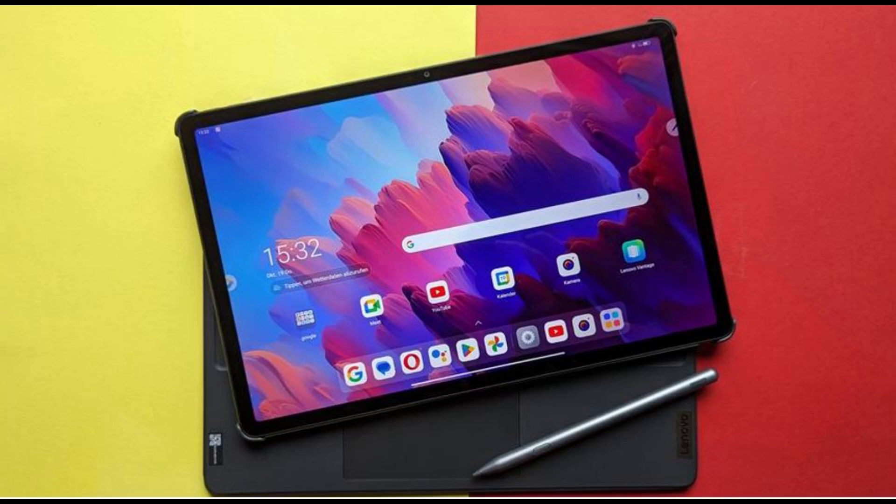One of the key advantages of tablets is their portability. They are typically thinner and lighter than laptops, making them easier to carry around. This makes them a popular choice for travelers, students, and anyone who needs to work or stay connected while on the go.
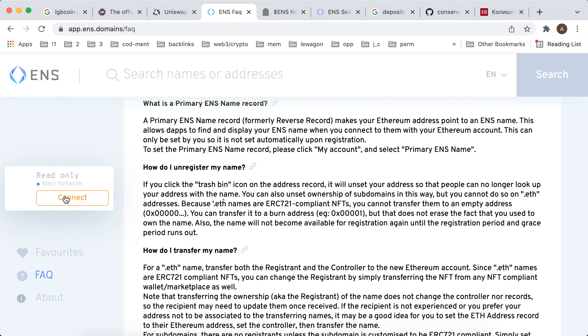Or on Uniswap, PancakeSwap, because these are all blockchain-based apps. Everything is visible on blockchain in the nodes, so it's not deleteable.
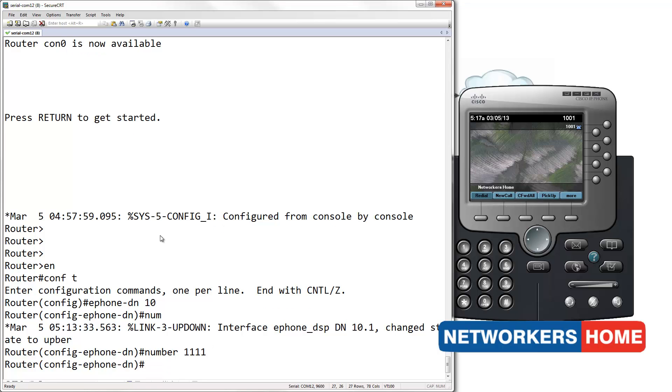We convert this standard DN into a parking DN by simply giving the command park slot, followed by a timeout.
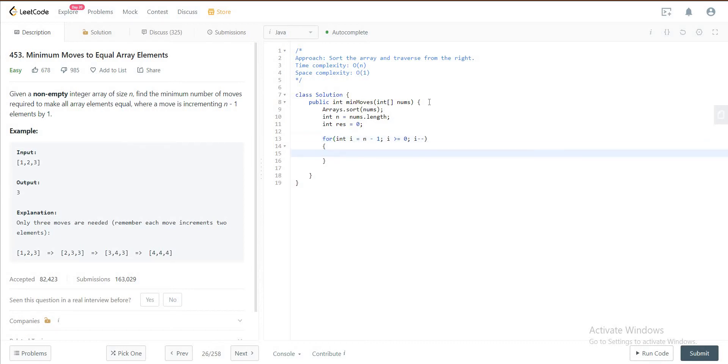Since we're moving from the back, you need to get all of the elements to the same number. So the way we can do that is incrementing all of the elements in the array to equal the largest element in the array.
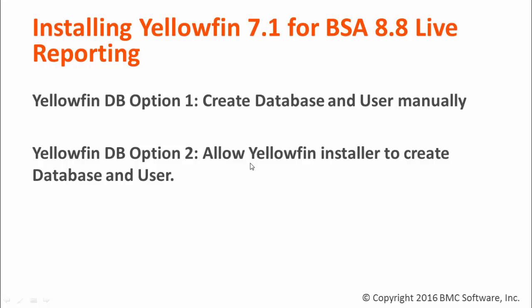The Yellowfin application will have its own database, separate from the BSA database. When it comes to setting up the Yellowfin database, we have two options.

* **Work request**: Pictures aside, retype all of the entries word for word.

* **Task result**:
One of the key advantages of tablets is their portability. They are typically thinner and lighter than laptops, making them easier to carry around. This makes them a popular choice for travelers, students, and anyone who needs to work or stay connected while on the go.
Or on Uniswap, PancakeSwap, because these are all blockchain-based apps. Everything is visible on blockchain in the nodes, so it's not deleteable.
We convert this standard DN into a parking DN by simply giving the command park slot, followed by a timeout.
Since we're moving from the back, you need to get all of the elements to the same number. So the way we can do that is incrementing all of the elements in the array to equal the largest element in the array.
The Yellowfin application will have its own database, separate from the BSA database. When it comes to setting up the Yellowfin database, we have two options.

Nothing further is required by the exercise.